With a cast that includes fight world luminaries and a handful of earnest combat scenes, Rebelt might be misconstrued as a high-minded follower of Hot Topic trends, maybe some Lincoln Center-worthy Never Back Down, and therefore a serious anomaly within David Mamet’s catalogue. Mamet calls it a fight film, but I suspect he uses the term with idiosyncratic intent. Regardless, I’ve always thought that all his movies were fight films.
Being specific, then, Redbelt is a confused, nearly triumphant tale about an honest man in a dishonest world. Chiwetel Ejiofor brings his unshakably upright bearing to Mike Terry, a jiu-jitsu instructor who refuses to enter potentially lucrative competitions, believing that his participation would shame his school. But his honorable bearing leads to a series of severe short-term problems: debts mount, an unreported crime has consequences, and a single stolen item leaves devastating marks on those who touch it.
The plot is a boa constrictor. Mamet’s fascination is with single incidents that seem containable, each of which joins together in a chain that exerts pressure upon people involved until combined forces squeeze the life out of the weakest links.
Mike Terry is forced into a financial corner when his dojo is damaged, but his fortunes and those of the fabric business run by his wife (Alice Braga) seem ready to take an upswing when Terry saves action movie star Chet Frank (a boozy, effective Tim Allen) during a bar fight. Blinded by the lure of financial security, Terry gives away his dojo’s secrets, and is devastated when they show up in the paws of a fight promoter (Ricky Jay) who is scheduling a fight with the aid of Terry’s brother-in-law. Winding through the course is the unbalanced lawyer (Emily Mortimer, quavering but compelling) who damages Terry’s school, but becomes an unlikely ally.
The series of events is terribly tenuous, but Mamet pushes through the confusing morass with a masterful use of suspense. If Ejiofor’s quiet, persuasive performance is Redbelt‘s soul, suspense is the movie’s blood. Mamet turns several screws at any one time, so there’s no way to predict exactly where the film is heading. I was constantly on my guard, not wanting to invest too much in any one character, lest the ground crumble away.

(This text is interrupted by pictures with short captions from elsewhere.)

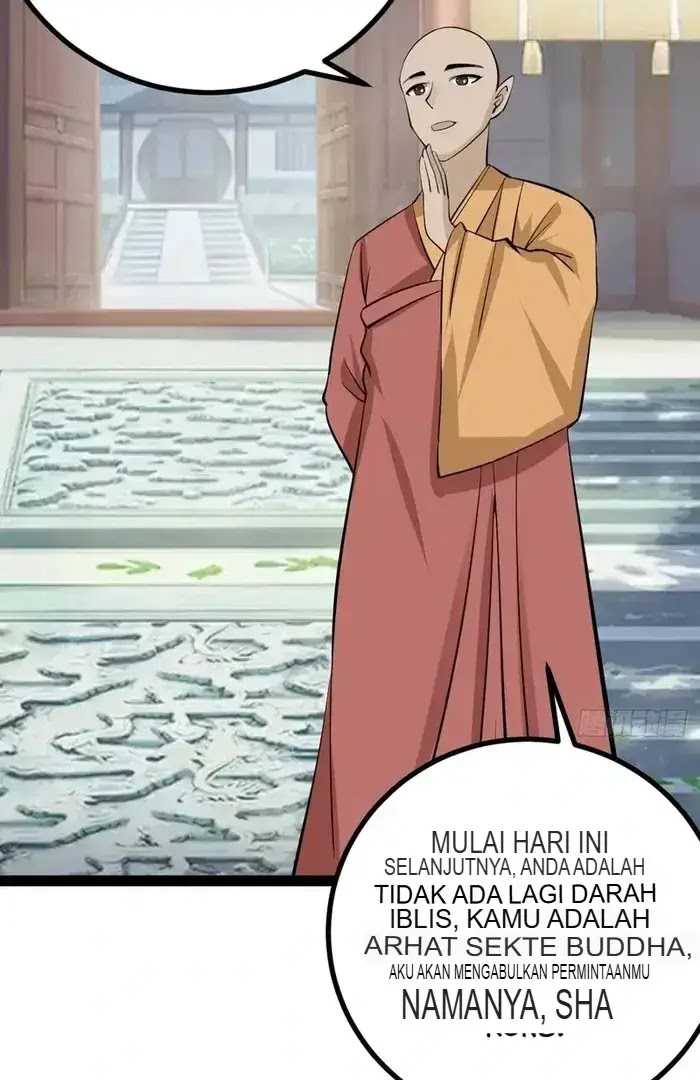 Invincible After a Hundred Years of Seclusion Chapter 319 - halaman 39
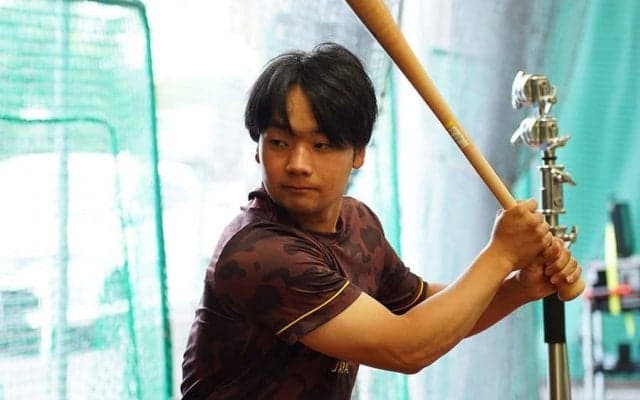 タイミングを合わせるには「早く、ゆっくり」　元大阪桐蔭主将が伝える“じゃんけん理論”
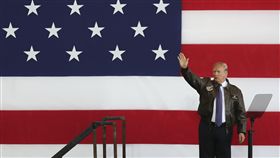 川普,Donald Trump （圖／美聯社／達志影像）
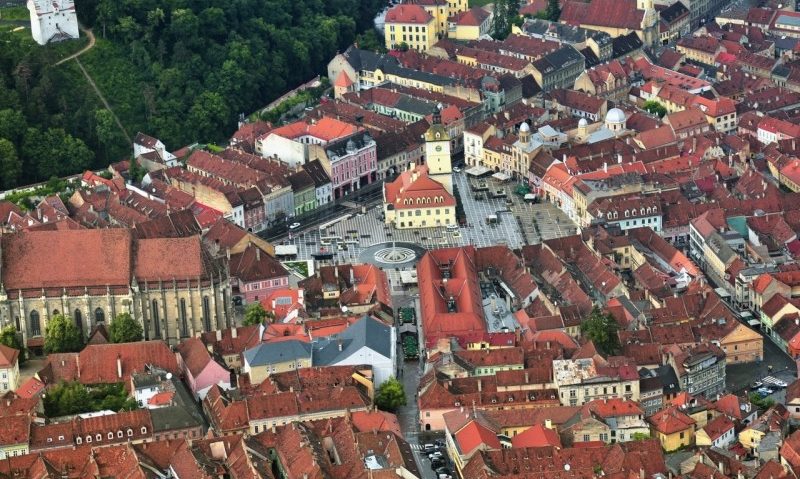 Program turistic eșuat, la Brașov Program turistic eșuat, la Brașov
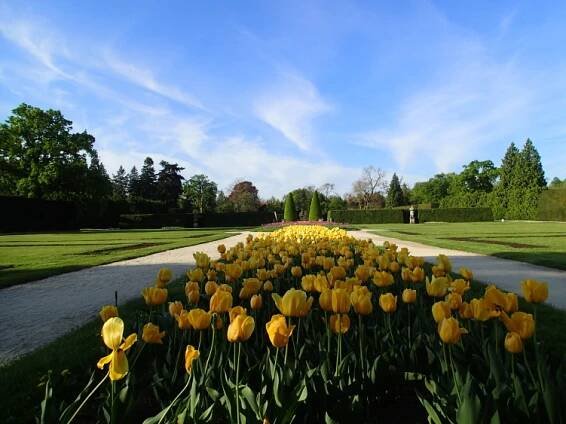 Park - Zámek Lednice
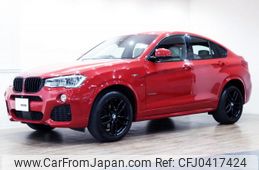 bmw x4 2014 quick_quick_DBA-XW35_WBAXW520700F89894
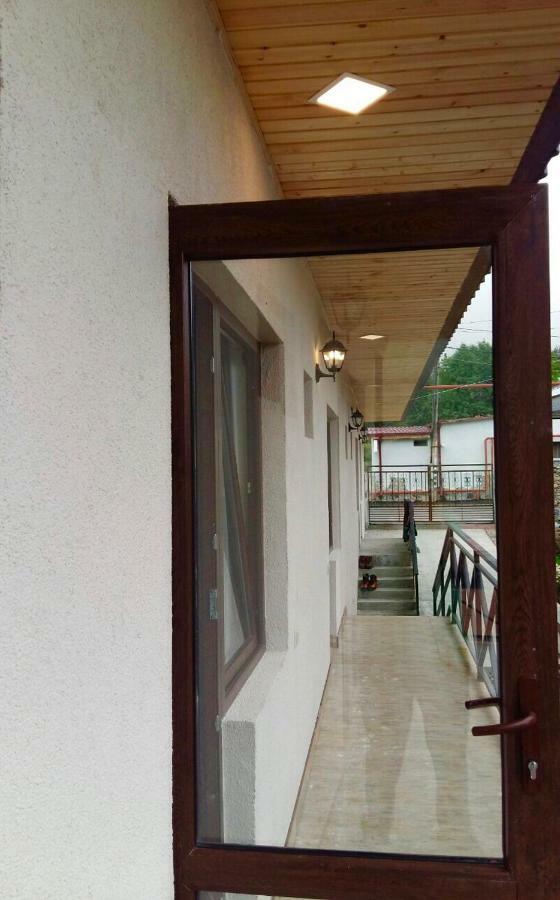 Soso Burduli'S Guesthouse كازباجي المظهر الخارجي الصورة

Combine that with Ejiofor’s understated charisma, which insinuated Mike Terry into my concerns, and you’ve got something potent.

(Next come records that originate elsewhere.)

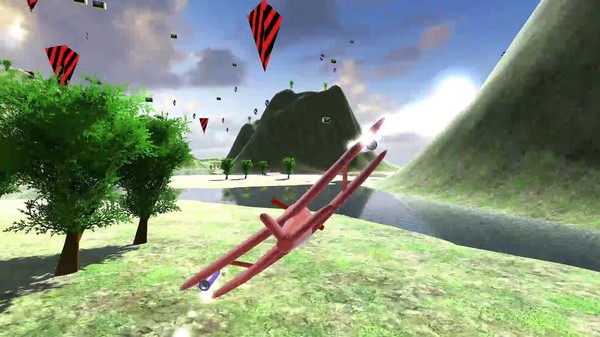 Screenshot z Plane Attack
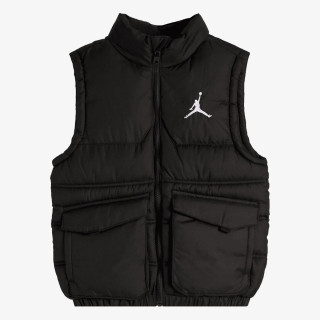 JORDAN Vesta JDB PUFFER FILLED VEST 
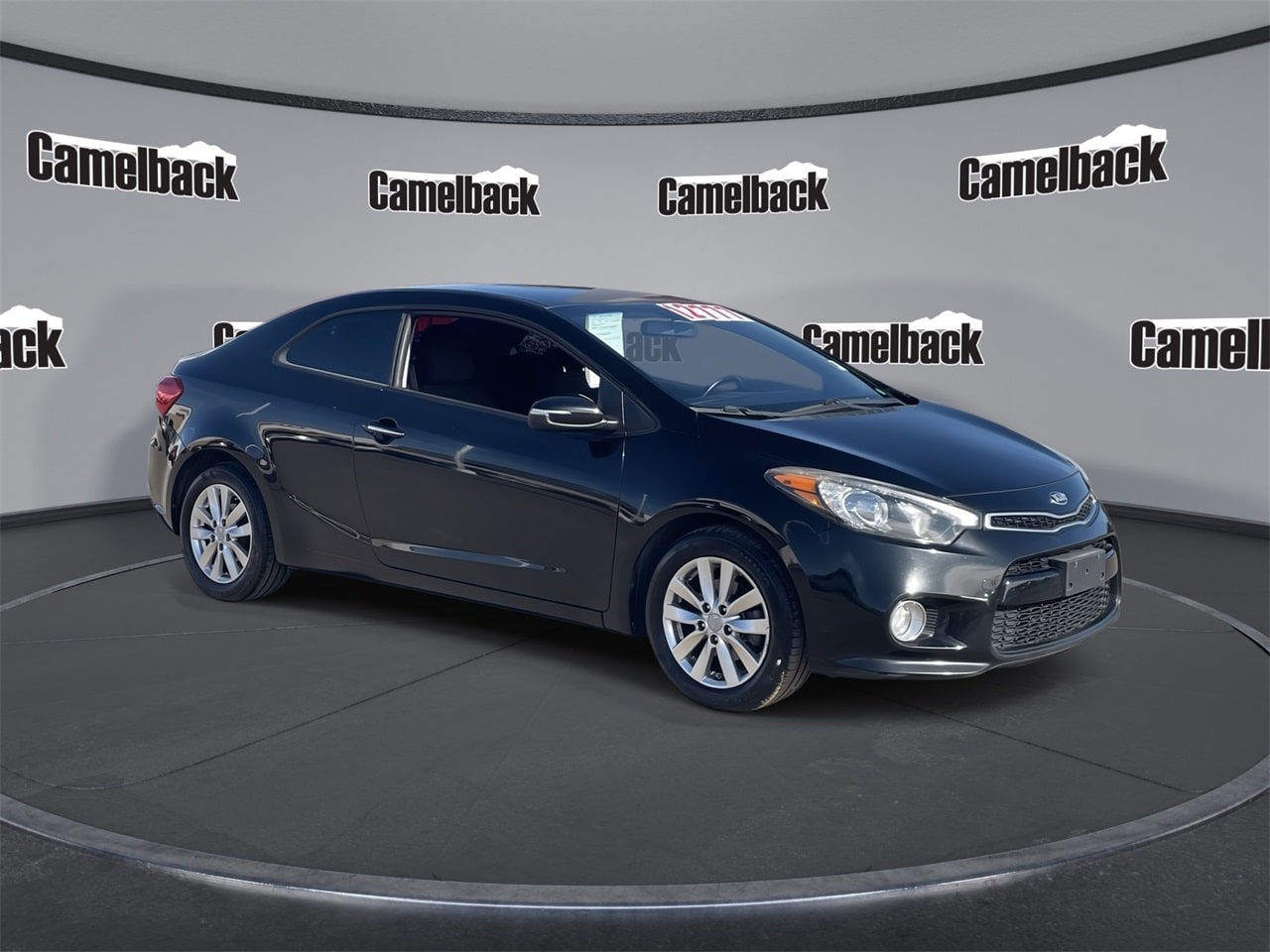 2014 Kia Forte Koup EX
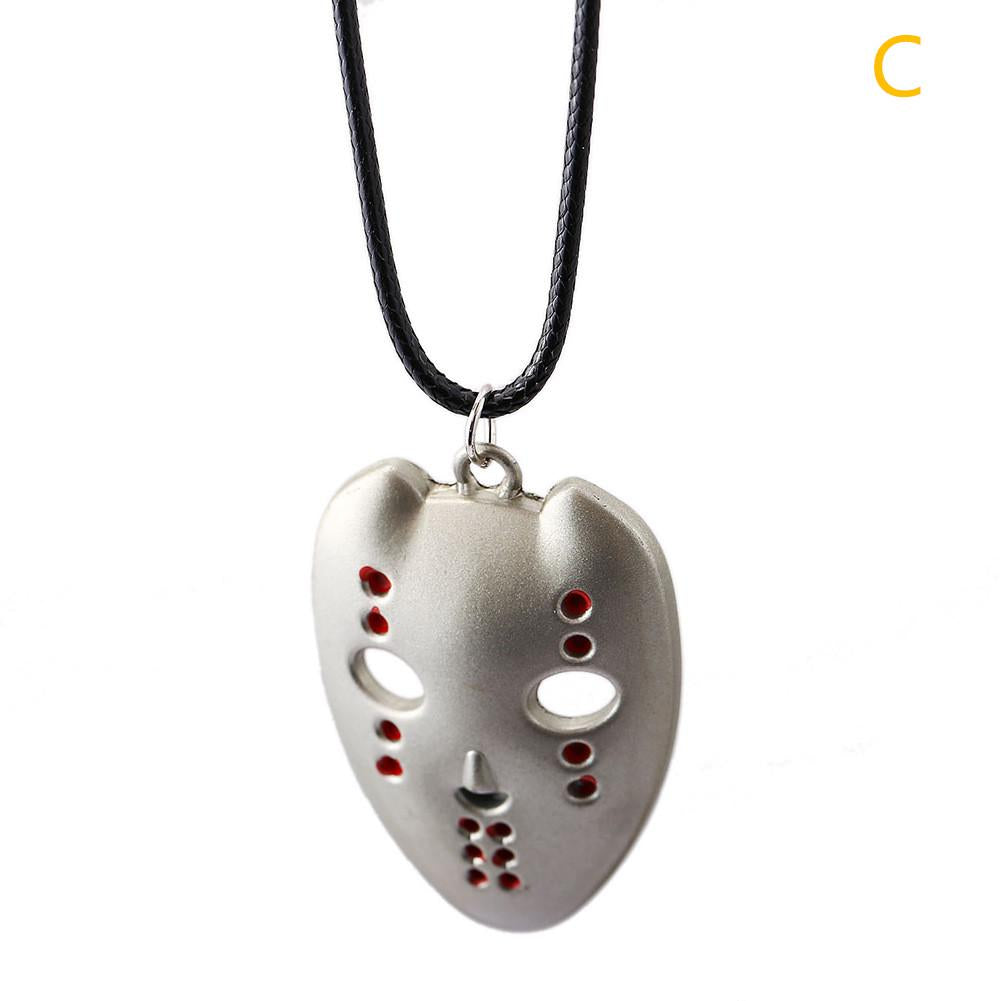 Collier Jason Voorhees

As has so often been the case, however, Mamet uses suspense as a smokescreen. He wants us to be so wound up in tension that we don’t notice how thin the plot wears. Disassembled, the movie’s individual parts seem like pieces of several different puzzles. This is a fight film, indeed, but the battles are really between genre conventions: family drama versus gangster picture, movie set satire against martial-arts expose. While the characters are well-drawn, some are too obviously used. Emily Mortimer’s lawyer, in particular, feels less like a person than a tool to broadly illustrate the movie’s moral underpinning.
Right up until the film runs out of gas trying to race to a worthy finish, individual scenes are wonderful. I can’t vouch for the authenticity of Ejiofor’s martial arts instruction, but his repetitive, hushed entreaties to his students feel right as they battle to escape their own weaknesses. Ejiofor’s closest moment with Mortimer is a darkly giddy masterpiece, and already among my favorite moments in all of Mamet’s films.
Ironically, the holds and blows in the few fight scenes aren’t as powerful as Mamet’s dialogue. The final fight, which is at least satisfying by way of displaying Terry’s honor and prowess unbound, builds to a simplistic climax more worthy of a Karate Kid sequel. The story is strong and, yes, honorable enough without resorting to such antics, and Redbelt is finally untied by indulging in exactly the popcorn movie antics it previously held with such lack of regard.